-------- Records for this exercise --------

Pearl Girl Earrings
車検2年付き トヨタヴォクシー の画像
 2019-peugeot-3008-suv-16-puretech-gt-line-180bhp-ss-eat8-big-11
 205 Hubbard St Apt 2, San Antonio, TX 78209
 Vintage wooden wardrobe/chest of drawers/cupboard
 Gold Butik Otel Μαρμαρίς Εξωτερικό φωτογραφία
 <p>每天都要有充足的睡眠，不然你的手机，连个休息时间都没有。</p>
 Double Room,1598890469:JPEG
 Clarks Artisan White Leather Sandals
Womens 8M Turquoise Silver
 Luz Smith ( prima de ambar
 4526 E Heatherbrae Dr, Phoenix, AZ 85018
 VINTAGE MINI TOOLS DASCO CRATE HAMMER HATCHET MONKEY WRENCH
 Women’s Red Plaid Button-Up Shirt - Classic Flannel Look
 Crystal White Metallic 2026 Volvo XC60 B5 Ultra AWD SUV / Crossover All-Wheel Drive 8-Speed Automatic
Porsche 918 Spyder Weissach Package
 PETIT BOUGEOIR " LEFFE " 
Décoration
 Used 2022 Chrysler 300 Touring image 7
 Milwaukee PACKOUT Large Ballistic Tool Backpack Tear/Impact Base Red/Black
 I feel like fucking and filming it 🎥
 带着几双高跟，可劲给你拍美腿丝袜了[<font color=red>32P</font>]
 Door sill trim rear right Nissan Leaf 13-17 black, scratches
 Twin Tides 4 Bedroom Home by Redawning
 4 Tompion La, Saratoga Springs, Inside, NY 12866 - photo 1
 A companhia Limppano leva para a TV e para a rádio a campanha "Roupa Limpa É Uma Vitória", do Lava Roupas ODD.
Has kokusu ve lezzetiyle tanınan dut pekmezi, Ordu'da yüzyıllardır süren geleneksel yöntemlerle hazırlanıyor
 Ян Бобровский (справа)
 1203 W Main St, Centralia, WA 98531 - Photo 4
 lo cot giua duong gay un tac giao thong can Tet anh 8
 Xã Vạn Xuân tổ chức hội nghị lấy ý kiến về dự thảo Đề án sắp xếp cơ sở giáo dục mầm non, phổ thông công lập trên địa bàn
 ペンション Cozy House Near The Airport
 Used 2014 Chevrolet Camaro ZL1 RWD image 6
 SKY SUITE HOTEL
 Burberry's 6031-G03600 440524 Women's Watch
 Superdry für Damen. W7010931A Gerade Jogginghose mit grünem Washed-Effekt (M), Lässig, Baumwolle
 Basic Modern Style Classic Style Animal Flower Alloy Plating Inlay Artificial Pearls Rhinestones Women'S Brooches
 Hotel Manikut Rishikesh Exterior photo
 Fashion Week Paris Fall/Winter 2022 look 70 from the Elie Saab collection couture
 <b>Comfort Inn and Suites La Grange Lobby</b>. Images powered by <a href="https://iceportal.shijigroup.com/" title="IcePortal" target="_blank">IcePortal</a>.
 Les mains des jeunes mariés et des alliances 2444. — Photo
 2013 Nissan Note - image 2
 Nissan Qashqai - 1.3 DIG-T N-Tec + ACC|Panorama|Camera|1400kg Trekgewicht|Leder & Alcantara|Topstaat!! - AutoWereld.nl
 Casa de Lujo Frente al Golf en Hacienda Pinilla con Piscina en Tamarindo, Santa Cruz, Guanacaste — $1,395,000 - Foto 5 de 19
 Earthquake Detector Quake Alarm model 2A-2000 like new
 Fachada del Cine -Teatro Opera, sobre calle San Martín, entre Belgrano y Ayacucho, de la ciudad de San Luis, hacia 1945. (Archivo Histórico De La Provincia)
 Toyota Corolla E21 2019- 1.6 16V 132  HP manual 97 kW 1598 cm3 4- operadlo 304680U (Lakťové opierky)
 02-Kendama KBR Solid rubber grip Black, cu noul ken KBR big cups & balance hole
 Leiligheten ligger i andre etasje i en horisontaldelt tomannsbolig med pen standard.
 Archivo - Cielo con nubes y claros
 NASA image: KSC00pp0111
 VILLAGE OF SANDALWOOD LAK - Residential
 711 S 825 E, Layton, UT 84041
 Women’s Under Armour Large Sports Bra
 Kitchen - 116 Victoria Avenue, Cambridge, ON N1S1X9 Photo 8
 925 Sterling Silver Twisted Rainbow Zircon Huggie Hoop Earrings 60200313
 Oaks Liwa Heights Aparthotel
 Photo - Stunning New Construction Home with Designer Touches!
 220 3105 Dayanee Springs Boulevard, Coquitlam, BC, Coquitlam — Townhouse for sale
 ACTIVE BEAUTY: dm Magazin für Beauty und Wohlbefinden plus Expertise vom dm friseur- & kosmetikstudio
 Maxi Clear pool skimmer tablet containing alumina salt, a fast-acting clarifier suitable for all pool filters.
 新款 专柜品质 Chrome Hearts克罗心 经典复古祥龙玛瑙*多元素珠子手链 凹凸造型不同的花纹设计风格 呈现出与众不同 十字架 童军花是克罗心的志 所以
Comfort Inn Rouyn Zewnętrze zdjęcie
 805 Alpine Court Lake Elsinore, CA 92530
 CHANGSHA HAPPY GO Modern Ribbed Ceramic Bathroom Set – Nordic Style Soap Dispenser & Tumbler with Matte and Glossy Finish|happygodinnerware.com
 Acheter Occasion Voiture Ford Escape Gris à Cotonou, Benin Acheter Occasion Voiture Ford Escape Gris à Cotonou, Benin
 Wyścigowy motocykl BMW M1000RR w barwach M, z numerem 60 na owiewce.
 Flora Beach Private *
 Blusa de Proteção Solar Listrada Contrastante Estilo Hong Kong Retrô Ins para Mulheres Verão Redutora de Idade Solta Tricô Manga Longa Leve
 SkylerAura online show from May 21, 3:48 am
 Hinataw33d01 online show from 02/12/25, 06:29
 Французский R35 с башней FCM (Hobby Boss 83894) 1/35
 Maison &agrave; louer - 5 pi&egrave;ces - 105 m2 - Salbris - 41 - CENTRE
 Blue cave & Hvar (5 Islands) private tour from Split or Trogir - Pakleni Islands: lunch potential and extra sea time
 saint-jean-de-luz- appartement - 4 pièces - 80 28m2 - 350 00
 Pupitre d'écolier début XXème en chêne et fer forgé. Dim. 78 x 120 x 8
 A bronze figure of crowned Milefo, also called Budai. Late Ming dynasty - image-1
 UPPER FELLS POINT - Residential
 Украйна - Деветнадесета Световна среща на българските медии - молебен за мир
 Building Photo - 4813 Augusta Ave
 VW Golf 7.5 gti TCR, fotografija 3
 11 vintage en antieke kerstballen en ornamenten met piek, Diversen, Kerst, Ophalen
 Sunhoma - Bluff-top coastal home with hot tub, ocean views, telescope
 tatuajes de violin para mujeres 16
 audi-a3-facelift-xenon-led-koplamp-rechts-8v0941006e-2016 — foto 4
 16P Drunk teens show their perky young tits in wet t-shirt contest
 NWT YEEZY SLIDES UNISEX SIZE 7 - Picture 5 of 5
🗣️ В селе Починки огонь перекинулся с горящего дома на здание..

--------

◆ **Your goal**: All lines above from the line with "Flora Beach Private *" through the line with "Французский R35 с", both included, are to be set down exactly, with nothing else.

◆ **Your solution**:
 Flora Beach Private *
 Blusa de Proteção Solar Listrada Contrastante Estilo Hong Kong Retrô Ins para Mulheres Verão Redutora de Idade Solta Tricô Manga Longa Leve
 SkylerAura online show from May 21, 3:48 am
 Hinataw33d01 online show from 02/12/25, 06:29
 Французский R35 с башней FCM (Hobby Boss 83894) 1/35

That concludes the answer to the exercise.